Heart Failure Clinical Trial
Official title:
Reducing Structural Inequities in Heart Failure Management: An Approach to Improve the Quality of Heart Failure Care on the General Medicine Service: Longitudinal Equity Action Plan (LEAP)
Recent institutional research has demonstrated that black and Latinx patients are significantly less likely to be admitted to cardiology and more likely to be admitted to general medicine for their inpatient heart failure (HF) care. Subsequent HF care on general medicine has been demonstrated to have worse outcomes including lower rates of follow-up with cardiology and higher readmission rates. Given this, this project is a institutional quality improvement initiative, with a stepped wedge design, with the aim to improve the quality of care for heart failure patients admitted to general medicine for their care, and improve discharge planning. General medicine services by hospital pods will be enrolled in a stepped wedge fashion to a Longitudinal Equity Action Plan (LEAP) which includes a standardized clinical management plan to ensure patients are on guideline-appropriate therapy, receive cardiology consultation if appropriate, are discharged when clinically appropriate, discharge planning and systematic follow up with cardiology, transportation support as needed for follow-up visits, post-discharge follow up to identify any post-discharge issues.
I. Aims with respect to Health Equity in the Department of Medicine
AIM 1: To improve the quality of care for heart failure patients admitted to the General
Medicine Service (GMS) Aim 1a. To increase adherence and uptake of guideline-directed medical
therapy and appropriate post-discharge follow-up for patients with heart failure admitted to
GMS Aim 1b. To decrease 7-day heart failure readmission rates for patients with heart failure
admitted to GMS with a principal diagnosis of heart failure Aim 1c. To decrease 30-day heart
failure readmission rates for patients with heart failure admitted to GMS with a principal
diagnosis of heart failure
AIM 2: To improve post-discharge outpatient cardiology utilization for heart failure patients
admitted to GMS Aim 2a. To increase rates of cardiology clinic follow-up within 14 days of
discharge for patients admitted to GMS with a principal diagnosis of heart failure.
II. Significance & Innovation A recent retrospective analysis performed by the Brigham and
Women's Hospital (BWH) Cardiovascular Inequities Subcommittee of the Department of Medicine
Health Equity Committee of patients self-referred to the Emergency Department with a
principal diagnosis of heart failure found that black and Latinx patients were significantly
less likely to be admitted to the cardiology service despite adjustment for multiple medical
and socioeconomic factors (adjusted odds ratio [AOR] 0.68, 95% CI 0.53-0.87, for black
patients; AOR 0.52, 95% CI 0.34-0.82 for Latinx patients). Female gender (AOR 0.75, 95% CI
0.62-0.91) and age>75 (AOR 0.58, 95% CI 0.40-0.86) were also independently associated with
lower rates of admission to the cardiology service.

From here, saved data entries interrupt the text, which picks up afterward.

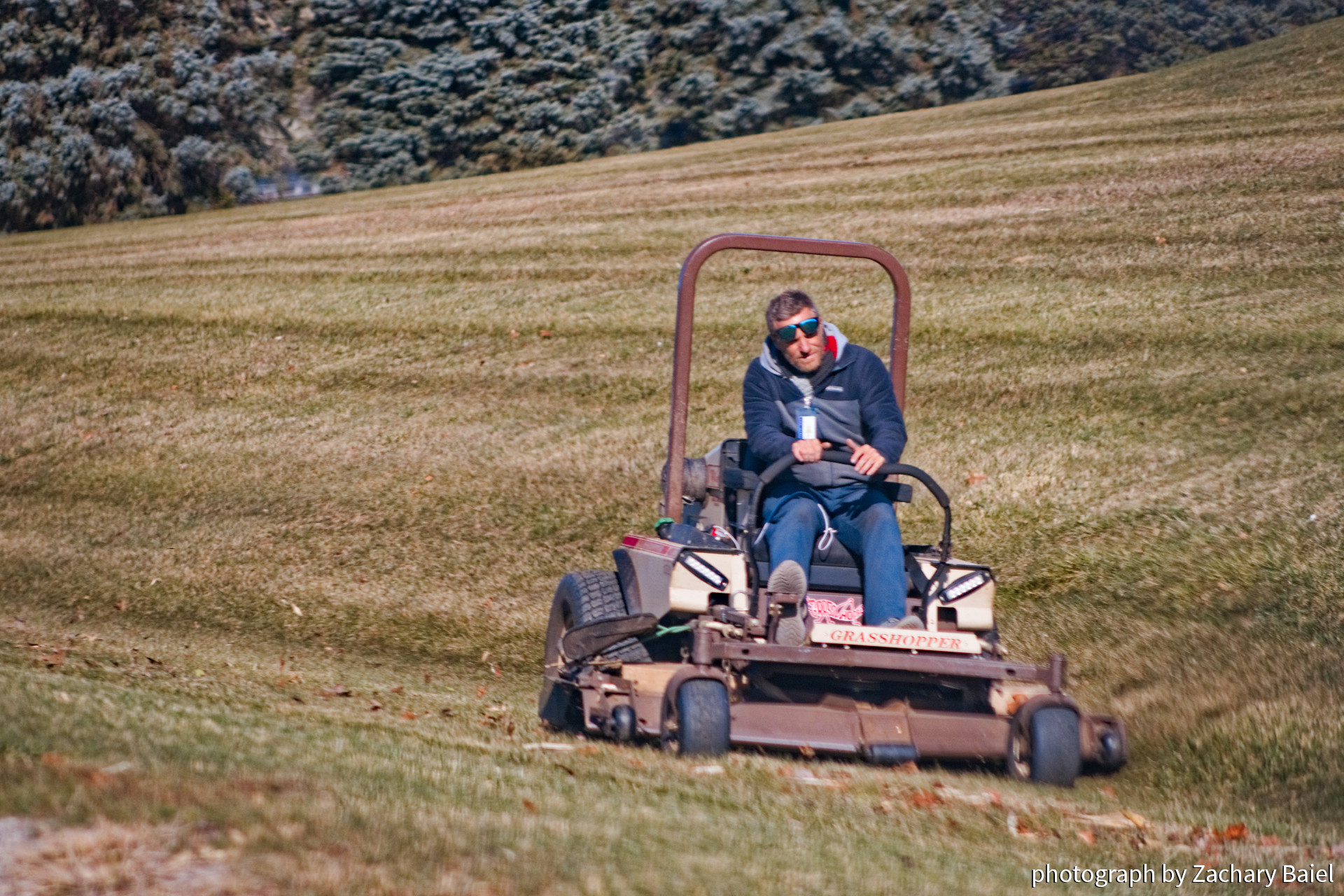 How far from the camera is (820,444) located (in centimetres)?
597

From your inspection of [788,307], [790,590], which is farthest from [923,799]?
[788,307]

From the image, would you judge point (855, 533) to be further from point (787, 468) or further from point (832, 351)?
point (832, 351)

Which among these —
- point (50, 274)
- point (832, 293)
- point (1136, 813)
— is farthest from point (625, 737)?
point (50, 274)

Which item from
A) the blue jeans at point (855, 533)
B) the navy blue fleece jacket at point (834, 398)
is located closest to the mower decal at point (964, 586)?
the blue jeans at point (855, 533)

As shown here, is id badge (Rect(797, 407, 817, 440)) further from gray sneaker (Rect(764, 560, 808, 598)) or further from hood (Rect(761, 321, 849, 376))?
gray sneaker (Rect(764, 560, 808, 598))

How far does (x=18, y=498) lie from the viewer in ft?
40.5

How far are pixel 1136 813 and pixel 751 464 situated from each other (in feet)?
8.03

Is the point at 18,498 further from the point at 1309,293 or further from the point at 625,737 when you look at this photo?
the point at 1309,293

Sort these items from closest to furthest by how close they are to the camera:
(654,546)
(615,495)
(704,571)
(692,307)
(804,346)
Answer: (704,571) < (654,546) < (804,346) < (692,307) < (615,495)

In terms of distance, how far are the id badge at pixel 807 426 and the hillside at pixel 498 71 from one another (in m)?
27.9

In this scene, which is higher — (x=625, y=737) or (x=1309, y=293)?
(x=1309, y=293)

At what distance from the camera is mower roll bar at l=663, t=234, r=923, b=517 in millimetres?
6508

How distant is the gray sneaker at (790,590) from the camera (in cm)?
553

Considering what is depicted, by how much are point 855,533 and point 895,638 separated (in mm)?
772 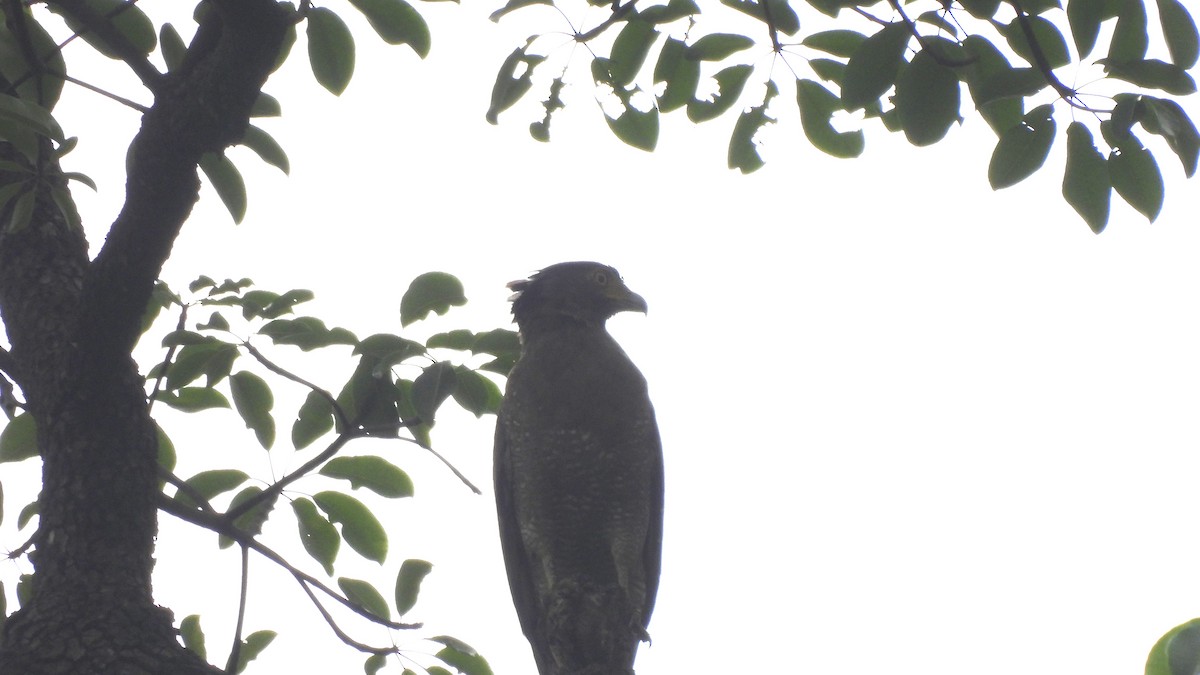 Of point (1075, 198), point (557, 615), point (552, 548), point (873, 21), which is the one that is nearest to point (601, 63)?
point (873, 21)

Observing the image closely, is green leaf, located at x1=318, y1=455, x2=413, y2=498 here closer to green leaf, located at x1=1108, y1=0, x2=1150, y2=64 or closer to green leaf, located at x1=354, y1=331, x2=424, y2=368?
green leaf, located at x1=354, y1=331, x2=424, y2=368

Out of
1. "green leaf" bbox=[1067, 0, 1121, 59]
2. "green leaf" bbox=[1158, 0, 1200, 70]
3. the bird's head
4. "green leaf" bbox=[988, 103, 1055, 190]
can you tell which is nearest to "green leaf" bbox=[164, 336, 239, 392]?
"green leaf" bbox=[988, 103, 1055, 190]

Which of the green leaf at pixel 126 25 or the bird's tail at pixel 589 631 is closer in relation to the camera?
the green leaf at pixel 126 25

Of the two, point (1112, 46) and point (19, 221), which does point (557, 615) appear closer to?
point (19, 221)

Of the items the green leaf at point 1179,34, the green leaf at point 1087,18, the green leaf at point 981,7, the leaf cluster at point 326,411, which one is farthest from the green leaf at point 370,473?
the green leaf at point 1179,34

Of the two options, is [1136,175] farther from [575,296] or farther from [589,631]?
[575,296]

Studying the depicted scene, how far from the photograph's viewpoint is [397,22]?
120 inches

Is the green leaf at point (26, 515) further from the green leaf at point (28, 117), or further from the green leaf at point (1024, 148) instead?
the green leaf at point (1024, 148)

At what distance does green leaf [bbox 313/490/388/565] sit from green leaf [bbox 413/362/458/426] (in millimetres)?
607

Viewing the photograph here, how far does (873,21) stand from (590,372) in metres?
3.27

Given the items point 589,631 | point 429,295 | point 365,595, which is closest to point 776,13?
point 429,295

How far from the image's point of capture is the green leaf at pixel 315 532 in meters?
3.62

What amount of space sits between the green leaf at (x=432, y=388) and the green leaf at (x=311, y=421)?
51 cm

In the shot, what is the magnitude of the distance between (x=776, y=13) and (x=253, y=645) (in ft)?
8.48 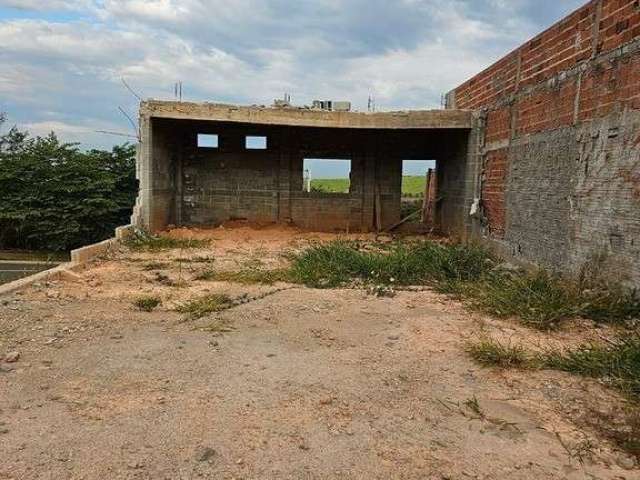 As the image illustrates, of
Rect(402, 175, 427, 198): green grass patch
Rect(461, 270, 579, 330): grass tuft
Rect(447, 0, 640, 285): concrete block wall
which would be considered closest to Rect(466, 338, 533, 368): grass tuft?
Rect(461, 270, 579, 330): grass tuft

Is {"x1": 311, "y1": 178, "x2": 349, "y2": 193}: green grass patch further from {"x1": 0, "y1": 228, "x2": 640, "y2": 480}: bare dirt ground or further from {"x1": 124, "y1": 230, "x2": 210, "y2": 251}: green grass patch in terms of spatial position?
{"x1": 0, "y1": 228, "x2": 640, "y2": 480}: bare dirt ground

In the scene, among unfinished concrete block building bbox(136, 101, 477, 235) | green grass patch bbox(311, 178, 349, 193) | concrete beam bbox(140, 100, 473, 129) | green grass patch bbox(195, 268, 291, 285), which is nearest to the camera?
green grass patch bbox(195, 268, 291, 285)

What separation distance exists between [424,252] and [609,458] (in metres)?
5.49

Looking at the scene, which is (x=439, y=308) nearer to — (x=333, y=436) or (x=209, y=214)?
(x=333, y=436)

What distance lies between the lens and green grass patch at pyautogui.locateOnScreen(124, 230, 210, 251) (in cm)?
1036

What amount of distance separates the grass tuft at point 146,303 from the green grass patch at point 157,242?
13.9 feet

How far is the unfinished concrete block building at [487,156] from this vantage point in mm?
5812

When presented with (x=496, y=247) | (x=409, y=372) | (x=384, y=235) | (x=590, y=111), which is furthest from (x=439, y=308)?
(x=384, y=235)

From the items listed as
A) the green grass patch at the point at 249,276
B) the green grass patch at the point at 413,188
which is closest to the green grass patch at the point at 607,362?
the green grass patch at the point at 249,276

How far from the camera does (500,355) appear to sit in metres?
4.25

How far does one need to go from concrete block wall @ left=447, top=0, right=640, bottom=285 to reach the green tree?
14.2 meters

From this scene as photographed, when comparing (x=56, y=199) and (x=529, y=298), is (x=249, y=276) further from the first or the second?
(x=56, y=199)

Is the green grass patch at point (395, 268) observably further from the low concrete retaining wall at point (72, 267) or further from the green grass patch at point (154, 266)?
the low concrete retaining wall at point (72, 267)

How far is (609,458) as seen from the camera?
2797 mm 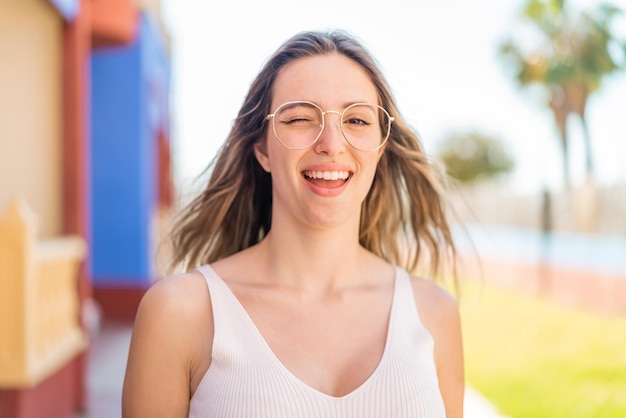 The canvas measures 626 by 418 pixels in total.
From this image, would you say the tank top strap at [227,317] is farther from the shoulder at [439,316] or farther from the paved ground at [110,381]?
the paved ground at [110,381]

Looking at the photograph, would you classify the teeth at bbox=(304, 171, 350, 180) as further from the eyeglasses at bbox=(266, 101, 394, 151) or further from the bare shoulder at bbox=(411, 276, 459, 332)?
the bare shoulder at bbox=(411, 276, 459, 332)

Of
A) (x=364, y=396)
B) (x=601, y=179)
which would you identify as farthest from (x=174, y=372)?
(x=601, y=179)

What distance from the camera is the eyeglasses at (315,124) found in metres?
2.10

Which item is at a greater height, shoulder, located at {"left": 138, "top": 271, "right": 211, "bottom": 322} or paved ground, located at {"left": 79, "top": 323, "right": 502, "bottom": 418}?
shoulder, located at {"left": 138, "top": 271, "right": 211, "bottom": 322}

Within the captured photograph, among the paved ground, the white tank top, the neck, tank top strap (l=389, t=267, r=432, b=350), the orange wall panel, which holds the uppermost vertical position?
the orange wall panel

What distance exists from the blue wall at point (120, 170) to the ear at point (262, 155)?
769 cm

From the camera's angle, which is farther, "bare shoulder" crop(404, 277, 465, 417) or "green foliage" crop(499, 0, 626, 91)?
"green foliage" crop(499, 0, 626, 91)

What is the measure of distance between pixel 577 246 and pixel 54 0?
63.9 ft

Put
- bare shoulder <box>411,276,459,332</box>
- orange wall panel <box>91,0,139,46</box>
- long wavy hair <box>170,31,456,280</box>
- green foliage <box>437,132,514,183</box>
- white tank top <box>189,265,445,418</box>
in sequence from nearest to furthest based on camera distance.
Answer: white tank top <box>189,265,445,418</box>, bare shoulder <box>411,276,459,332</box>, long wavy hair <box>170,31,456,280</box>, orange wall panel <box>91,0,139,46</box>, green foliage <box>437,132,514,183</box>

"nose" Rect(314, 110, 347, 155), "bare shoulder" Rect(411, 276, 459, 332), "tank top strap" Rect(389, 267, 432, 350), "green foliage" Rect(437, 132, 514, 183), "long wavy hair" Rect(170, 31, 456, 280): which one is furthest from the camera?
"green foliage" Rect(437, 132, 514, 183)

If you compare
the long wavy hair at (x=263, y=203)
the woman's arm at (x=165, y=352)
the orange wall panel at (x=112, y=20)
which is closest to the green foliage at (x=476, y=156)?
the orange wall panel at (x=112, y=20)

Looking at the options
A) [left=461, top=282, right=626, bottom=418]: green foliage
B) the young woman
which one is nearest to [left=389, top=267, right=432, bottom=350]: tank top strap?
the young woman

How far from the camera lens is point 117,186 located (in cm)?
1000

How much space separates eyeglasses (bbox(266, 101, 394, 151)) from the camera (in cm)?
210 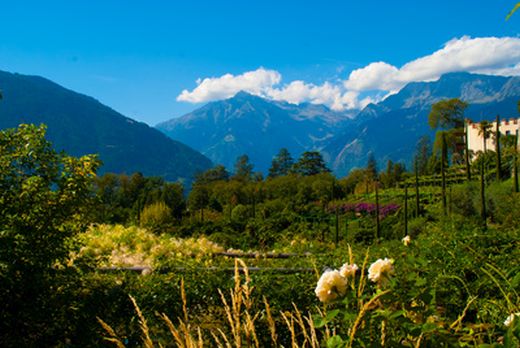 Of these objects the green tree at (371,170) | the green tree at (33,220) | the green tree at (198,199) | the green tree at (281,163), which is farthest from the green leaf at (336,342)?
the green tree at (281,163)

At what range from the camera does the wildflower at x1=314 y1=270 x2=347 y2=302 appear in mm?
1380

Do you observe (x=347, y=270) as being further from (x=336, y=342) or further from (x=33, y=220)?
(x=33, y=220)

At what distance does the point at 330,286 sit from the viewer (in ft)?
4.56

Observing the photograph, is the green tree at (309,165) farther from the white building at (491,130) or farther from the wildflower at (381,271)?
the wildflower at (381,271)

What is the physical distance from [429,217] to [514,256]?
936 cm

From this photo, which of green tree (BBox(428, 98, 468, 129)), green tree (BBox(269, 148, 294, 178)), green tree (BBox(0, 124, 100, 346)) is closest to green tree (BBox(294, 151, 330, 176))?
green tree (BBox(269, 148, 294, 178))

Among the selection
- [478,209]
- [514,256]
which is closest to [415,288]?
[514,256]

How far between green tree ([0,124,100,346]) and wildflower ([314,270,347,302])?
2.46m

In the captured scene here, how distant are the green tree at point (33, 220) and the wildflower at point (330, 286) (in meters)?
2.46

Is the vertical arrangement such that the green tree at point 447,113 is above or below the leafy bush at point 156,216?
above

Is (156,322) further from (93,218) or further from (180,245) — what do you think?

Similar to large observation studies from both community and academic settings, further
analysis by the committee revealed differential outcomes for patients receiving specialty
cardiology care during admissions for heart failure with lower cardiology clinic follow-up
(25% vs. 51%), and higher 7-day (15% vs 5%) and 30-day (24 vs 17%) readmission rates for
heart failure patients admitted to GMS as compared to those admitted to the cardiology
service.
Given this result, the investigators hypothesize that inequities in admission service triage
of heart failure patients may drive intra-hospital racial disparities in quality of care, and
subsequent clinical outcomes. This project's aim is to achieve more equitable care and reduce
unacceptable inequities in heart failure management and outcomes. Acknowledging that
cardiology beds are a limited resource, and that not every patient can be admitted to the
cardiology service at the investigators' institution, this project seeks to improve the
quality of care for heart failure patients admitted to GMS. The investigators believe that
improving the quality of heart failure care on GMS, including more systematic cardiology
follow up, will lower heart failure readmission rates for the investigators' institution.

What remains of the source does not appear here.